Exercise 2.1 Class 10 for Effortless Understanding

Question 1(part i, part ii, part iii, part iv), Question 2(part i, part ii, part iii, part iv ),Question 3, Question 4(part i, part ii, part iii ), Question 5, Question 6, Question 7, Question 8(part i, part ii), Question 9, Question 10.

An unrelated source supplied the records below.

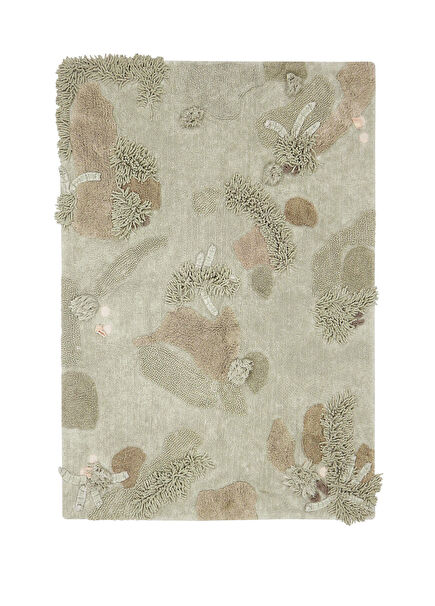 Mushroom Rectangle Rug 160x120 cm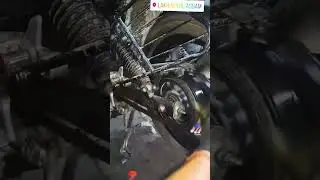 pulsar chain cleaning kistare motorcycle ki chain sprocket cleaning or lube??🥰 #shortsfeed #trending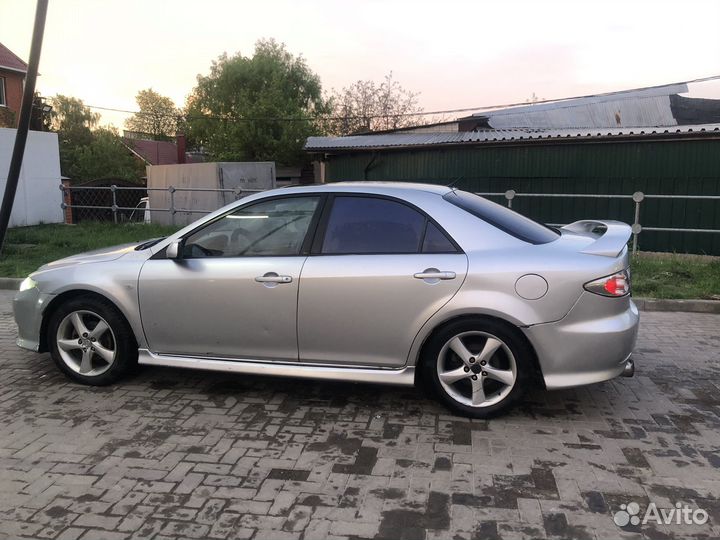 Mazda 6 2.3 МТ, 2004, 333 333 км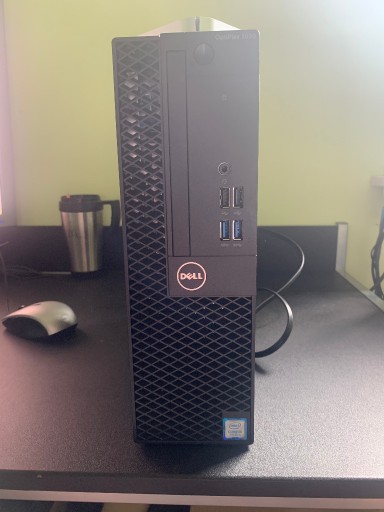 Zdjęcie oferty: KOMPUTER DELL 3050 SFF i3-6100 8GB 500GB  W10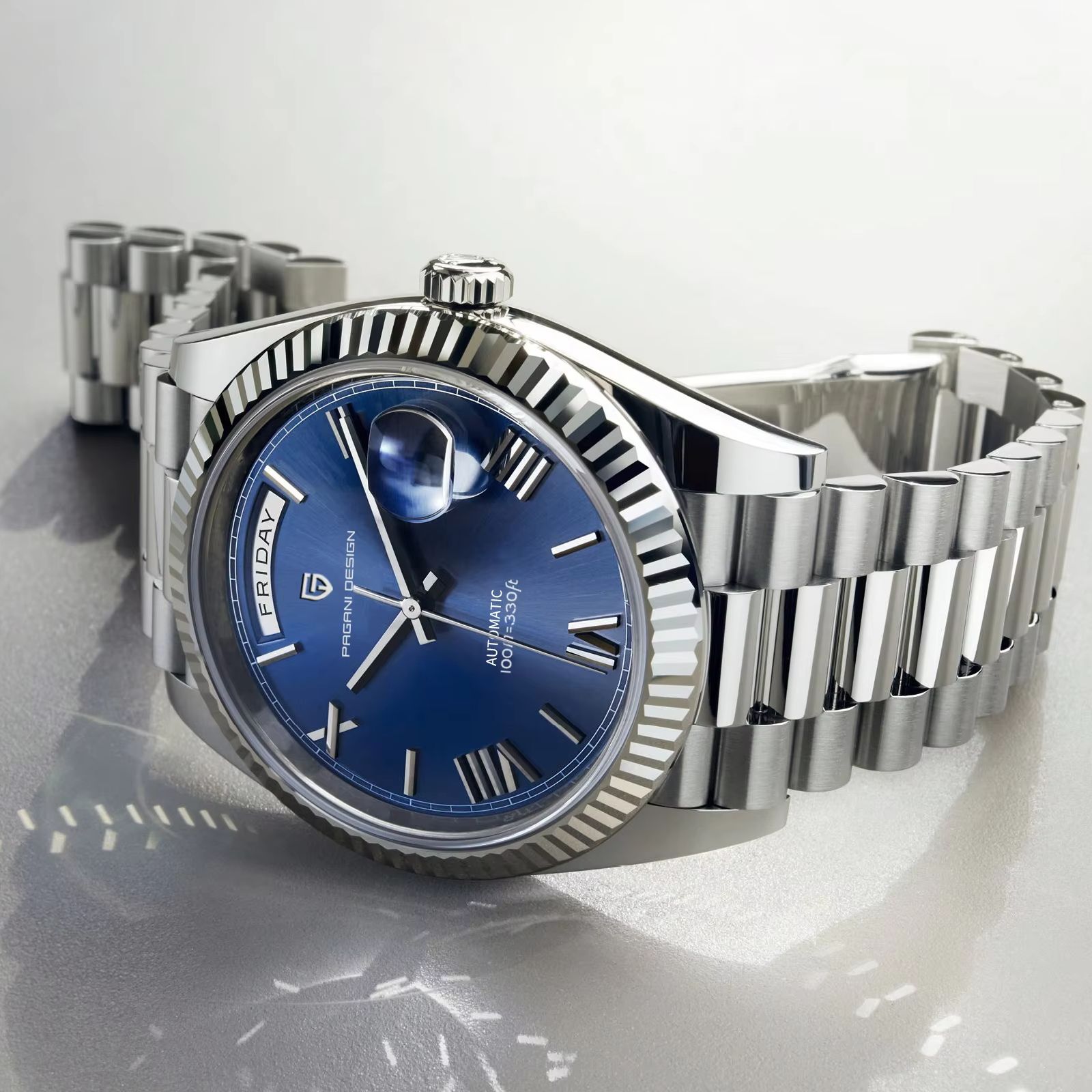 Rolex Watch Datejust - PAGANI DESIGN DD36 นาฬิกาผู้ชายแฟชั่นนาฬิกาอัตโนมัติสำหรับชายกระจกแซฟไฟร์ AR ST16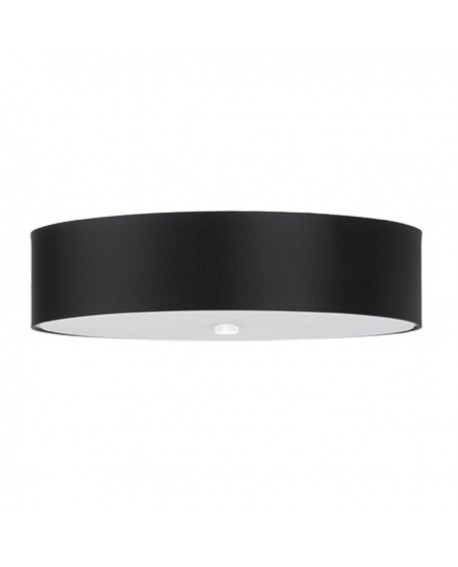 Plafon SKALA 50 czarny Sollux SL.0762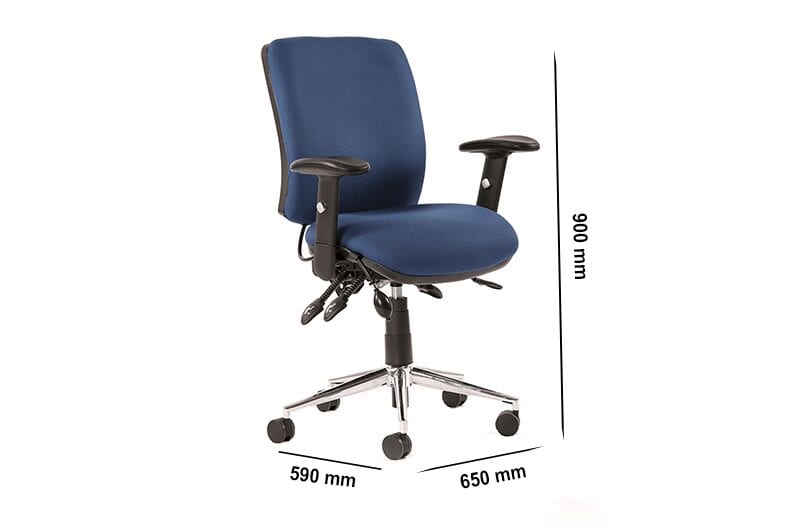 Selena 1 – Task Operator Office Chair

Exercise 2.1 class 10 explores the concept of determining the discriminant of quadratic equations and using it to analyze the nature of the roots. By calculating the discriminant, you’ll learn how to classify the roots as real and distinct, real and equal, or complex. This concept is essential for understanding the behavior of quadratic equations and forms a key part of solving them efficiently.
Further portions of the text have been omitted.